Reputation: 23
I have not been programming for that long and have now encountered a problem to which I have not yet been able to find a solution.
In my dataframe there is a column that contains several pieces of information. For example, one row looks like this:
sp|O94910|AGRL1_HUMAN
or like this
sp|Q13554|KCC2B_HUMAN;sp|Q13555|KCC2G_HUMAN
Now I want to create a new column with the combination of digits between the two vertical bars. For the upper example it would be O94910, for the lower Q13554; Q13555
I have already tried functions like str_extract_all, str_match or gsub. But nothing worked.
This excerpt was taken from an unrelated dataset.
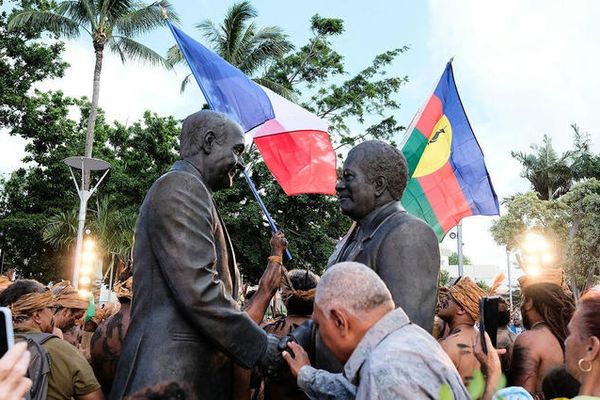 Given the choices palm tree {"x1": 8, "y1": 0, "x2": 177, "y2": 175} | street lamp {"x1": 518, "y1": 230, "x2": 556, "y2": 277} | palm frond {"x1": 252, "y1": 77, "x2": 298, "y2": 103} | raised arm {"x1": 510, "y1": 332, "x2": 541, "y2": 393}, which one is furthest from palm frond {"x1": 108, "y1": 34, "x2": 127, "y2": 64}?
raised arm {"x1": 510, "y1": 332, "x2": 541, "y2": 393}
The "id" is the column I look at. It includes different combinations of digits. I need the one between the two |
> dput(head(anaDiff_PD_vs_CTRL$id, 10))
c("sp|O94910|AGRL1_HUMAN", "sp|P02763|A1AG1_HUMAN", "sp|P19652|A1AG2_HUMAN",
"sp|P25311|ZA2G_HUMAN", "sp|Q8NFZ8|CADM4_HUMAN", "sp|P08174|DAF_HUMAN",
"sp|Q15262|PTPRK_HUMAN", "sp|P78324|SHPS1_HUMAN;sp|Q5TFQ8|SIRBL_HUMAN;sp|Q9P1W8|SIRPG_HUMAN",
"sp|Q8N3J6|CADM2_HUMAN", "sp|P19021|AMD_HUMAN")>
Upvotes: 2
Views: 135
Reputation: 1
This solution should help if you want to change your column names in a similar fashion:
library(tidyverse)
# create test data frame with column names "sp|O94910|AGRL1_HUMAN" and "sp|Q13554|KCC2B_HUMAN;sp|Q13555|KCC2G_HUMAN"
col1 <- c(1,2,3,4,5)
col2 <- c(6,7,8,9,10)
df <- data.frame(col1, col2)
names(df)[1] <- "sp|O94910|AGRL1_HUMAN"
names(df)[2] <- "sp|Q13554|KCC2B_HUMAN;sp|Q13555|KCC2G_HUMAN"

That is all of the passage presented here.